Things that I get stuck on, which then takes the wind out of my sails:
tokenization (specifically handling the Unicode Emoji entities and ascribing
meaning to them - Do I use them as tags/signals, or replace with synonyms?),
lemmatizing (do I spend time going down the rabbit hole of simplifying all
lines of chat to their most basic words?), grouping likes of dialog (if my
reply was within ten minutes, consider it part of a "conversation" object),
and how best to time stamp things (everything is individually stamped, but for
some correlations, the time of day is the important bucket - for others, it
may be the calendar day/season/busy work day).

It's such a huge domain, I keep spinning my wheels trying to feel like I'm
going down a path that will lead to some form of success, no matter how small.

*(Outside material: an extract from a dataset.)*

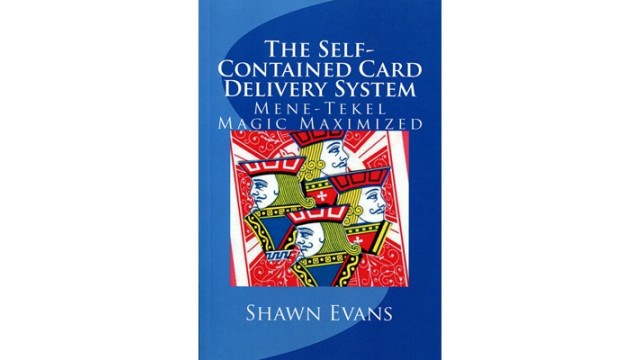 Self Contained Card Delivery System by Shawn Evans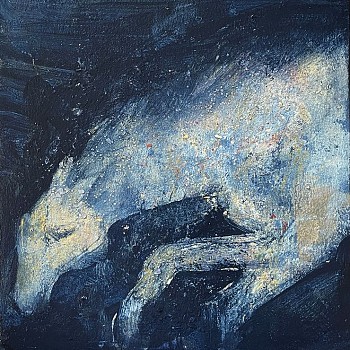 Suzan Obermeyer -&nbsp;Into the night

Another topic I've tried getting into is using ML to process my Hearthstone
logs (live, not historical) to try my own approach on an unreleased project I
recently read about that sought to predict opponent's cards. My thought was to
create a series of dicts from popular "net decking" sites and compute cosine
similarity between the cards an opponent has already played - the other
project used game histories to predict the "next card", and I was seeking to
predict which archetype my opponent is likely playing, since my own domain
knowledge would figure out their likely "signature moves" once I had that
clue. I'd maybe expand on it to predict how likely it is the opponent can go
lethal on their next turn, given the cards they likely have and the ones on
the board. With that topic, I've been trying to figure out state machines and
various data structures in Python. Computing similarity I've figured out, with
Counters seems to work, but the mechanics of doing so against potentially
hundreds of "net decks" is challenging. Is a comprehension the way to go? A
matrix function? I have no idea.

I guess I'm making this big dump of my own thoughts to see if anyone has any
pointers, guidance, example projects, or general knowledge to share or direct
me to that could help me figure this stuff out, because I'm excited to learn
and I learn best when I have a pet project to which I can apply my newfound
knowledge.

Anyone in the same boat? Or have anything to suggest?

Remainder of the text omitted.